Hey guys, quick question that the "internet" cannot seem to answer. We have a 80" Sharp 1080 LCD display that is plugged into a plug that has its power controlled via a light switch. 3 times (roughly) per day this TV in turned ON and OFF via this switch only. Not put into standby or anything before hand. I would assume this would cause damage and cause the display to have a shorter life span.

Secondly, it seems to be displaying a slightly augmented picture each time it gets turned on. I would believe the switching off of the TV could also cause the TV to lose settings or behave erratically each time it is powered on.

Can anyone provide clarity on these topics? Thanks!


----------



## jimmie57 (Jun 26, 2010)

Ethan Anderson said:


> Hey guys, quick question that the "internet" cannot seem to answer. We have a 80" Sharp 1080 LCD display that is plugged into a plug that has its power controlled via a light switch. 3 times (roughly) per day this TV in turned ON and OFF via this switch only. Not put into standby or anything before hand. I would assume this would cause damage and cause the display to have a shorter life span.
> 
> Secondly, it seems to be displaying a slightly augmented picture each time it gets turned on. I would believe the switching off of the TV could also cause the TV to lose settings or behave erratically each time it is powered on.
> 
> Can anyone provide clarity on these topics? Thanks!


Do not do that. When you turn your TV off it is not truly off. It is all on except for sending the picture to the panel. On heats up electrical and taking the power away cools them off. This constant cycle stretches and compresses the connections, solder joints etc. and will make it fail much sooner. The electricity it uses when you turn it off with the remote is almost no existent because most of the power is lighting up the panel.
Same is true with your with your DTV Receivers .


----------



## Ethan Anderson (Sep 1, 2017)

Understood completely. This is not a personal TV but a display setup in a studio and I am being "brought in" to resolve issues we are having with it. I believed everything you said to already be true but needed it laid out in a clear manner so I can explain to staff tomorrow. 

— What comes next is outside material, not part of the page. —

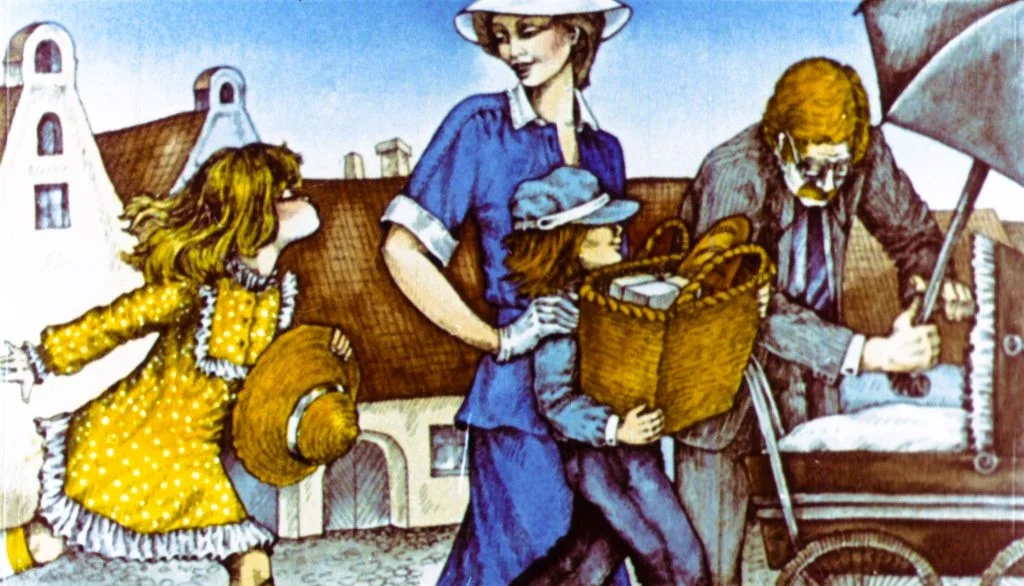 Ilustrație colorată cu o femeie care poartă o pălărie albă și un costum albastru, ținându-se de mână cu o fetiță îmbrăcată într-o rochie galbenă cu buline, în timp ce alta, îmbrăcată în albastru, transportă un coș. Un bărbat cu ochelari împinge un cărucior.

In addition to the damage it will cause the settings could also be effected as well, correct? Settings like color, brightness, sharpness, etc...


----------



## jimmie57 (Jun 26, 2010)

Ethan Anderson said:


> Understood completely. This is not a personal TV but a display setup in a studio and I am being "brought in" to resolve issues we are having with it. I believed everything you said to already be true but needed it laid out in a clear manner so I can explain to staff tomorrow.
> 
> In addition to the damage it will cause the settings could also be effected as well, correct? Settings like color, brightness, sharpness, etc...


Yes
Actually, I think some TVs reset themselves if they are without power for a certain amount of time.


----------



## Ethan Anderson (Sep 1, 2017)

Cool. Thanks for the replies. I will hop back in tomorrow if I need more things to support my argument.


----------



## inkahauts (Nov 13, 2006)

Also, often tvs will run their fans to cool electronics inside properly and smoothly rather than so harshly with power being pulled. Yeah just do not do that.


----------



## Rich (Feb 22, 2007)

jimmie57 said:


> Yes
> Actually, I think some TVs reset themselves if they are without power for a certain amount of time.

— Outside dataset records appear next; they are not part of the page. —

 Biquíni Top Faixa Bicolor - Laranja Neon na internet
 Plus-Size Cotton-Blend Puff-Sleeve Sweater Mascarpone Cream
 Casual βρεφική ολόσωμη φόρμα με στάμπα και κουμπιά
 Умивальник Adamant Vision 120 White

I've never seen that happen. I've had TVs unplugged for long periods and never had to reset those settings. I think the DVRs keep their settings too. Might be wrong, that happens a lot...

Rich


----------



## Rich (Feb 22, 2007)

inkahauts said:


> Also, often tvs will run their fans to cool electronics inside properly and smoothly rather than so harshly with power being pulled. Yeah just do not do that.


Those switches also tend to fail when you put a heavy load on them. Not sure what a that specific TV pulls but it might be too much for a switch of that nature. Not something I'd do, I agree that the TVs are better off constantly energized.

Rich


----------